The Difference Between Knowing and Understanding Spiritual Truth
top of page

The Difference Between Knowing and Understanding Spiritual Truth



If you grow up in a religious faith, you may learn things from a young age about the tenets of your faith. Also, if you are a seeker on a spiritual path, you may spend a great deal of time reading and studying about spirituality. This is how you acquire knowledge, and it can help you to further your spiritual journey.


However, there is another component to spiritual truth, which is understanding. Just because you know something, doesn't mean that you truly understand within your heart. In order to understand what you know, you have to apply it through practice. As you do, you will begin to understand the truths that you know in a different way.


According to Hannah To,

Knowing is having a ton of information. Understanding is connecting information.
Knowing is collecting facts. Understanding is being thrown a new, more revealing light on all the facts you know.

When you understand, there is a deeper spark within you than when you just know something. Both knowledge and understanding are useful. However, understanding requires going deeper within yourself to put information together, and to critically analyze and synthesize the things that you know.


Knowledge is the basis of understanding.


It is like the difference between being 'street smart' and 'book smart.' One comes from your own experiences in life, and the other comes from learning from the work of others in the past. Both are useful and have their place, however they have the greatest power when they are combined.


This is why it is good to study as much as you can from texts, but also to experience as much as you can in life. When it comes to spirituality, you can come to experience of your faith through practices like mindfulness, meditation, yoga, prayer, journaling, practicing gratitude and other similar things.


Combining practice with study can greatly enhance your level of knowledge, understanding, and a greater spiritual realization. Also, as you practice more, it is good to reread some of the same books that you have read in the past. They may speak to you in a different way as your spiritual practice takes you deeper into yourself and your soul.
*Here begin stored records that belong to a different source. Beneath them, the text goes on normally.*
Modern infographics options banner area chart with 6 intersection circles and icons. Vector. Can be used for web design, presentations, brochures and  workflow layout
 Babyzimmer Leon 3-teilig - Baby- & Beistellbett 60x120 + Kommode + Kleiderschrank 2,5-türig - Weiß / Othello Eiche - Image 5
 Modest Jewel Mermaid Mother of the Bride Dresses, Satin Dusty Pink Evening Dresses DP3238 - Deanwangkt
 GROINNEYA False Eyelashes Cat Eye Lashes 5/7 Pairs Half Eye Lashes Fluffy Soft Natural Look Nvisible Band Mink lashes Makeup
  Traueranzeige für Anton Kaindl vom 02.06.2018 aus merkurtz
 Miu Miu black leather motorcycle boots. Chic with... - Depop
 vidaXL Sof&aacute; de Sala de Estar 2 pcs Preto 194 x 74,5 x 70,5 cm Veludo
If you look at the great spiritual teachers throughout history - like Jesus, Muhammad, Buddha or Lao Tsu - you will probably see that they all spent time in quiet contemplation to understand their soul's journey. Contemplation, much like meditation, can lead to a deeper spiritual understanding.


In the Buddhist traditions, for example, contemplative practices were already well known in northern India when the historical Buddha, Siddhartha Gautama, was born. Throughout his spiritual quest, Siddhartha Gautama practiced with several contemplative teachers. Ultimately, he found answers to his questions only after he sat beneath a tree and resolved to meditate until insight dawned. This is when he became the Buddha or “Awakened One,” thereafter teaching others what he had realized through his meditation. Thus, contemplative practice remains central to Buddhism.
It is worth saying that, even so, not all Buddhists meditate. For some, chanting and devotional practices are far more important. However, that, too, can be a form of contemplation because the category is so broad. Likewise, in Christian traditions, contemplative prayer is more common than meditation. St. Ignatius’s spiritual exercises for the Jesuit order are all contemplative practices. Hindu, Muslim, Jewish, Pagan, and other traditions all have their own well-developed contemplative practices.

By practicing quiet contemplation in the context of your faith, you can deepen your spiritual connection with the divine. This can help you to develop a deep understanding of the tenets of your religion, and to learn about your faith through experience.


As you spend more and more time this way, you develop a greater spiritual understanding. With this understanding, comes awakening to the deeper truth of all that exists, and a sense of harmony with other living beings on this planet, and even with the earth itself.


Our spirituality is constantly unfolding, and we are constantly achieving a deeper spirituality within ourselves as we continue to both study and practice our faith on a daily basis.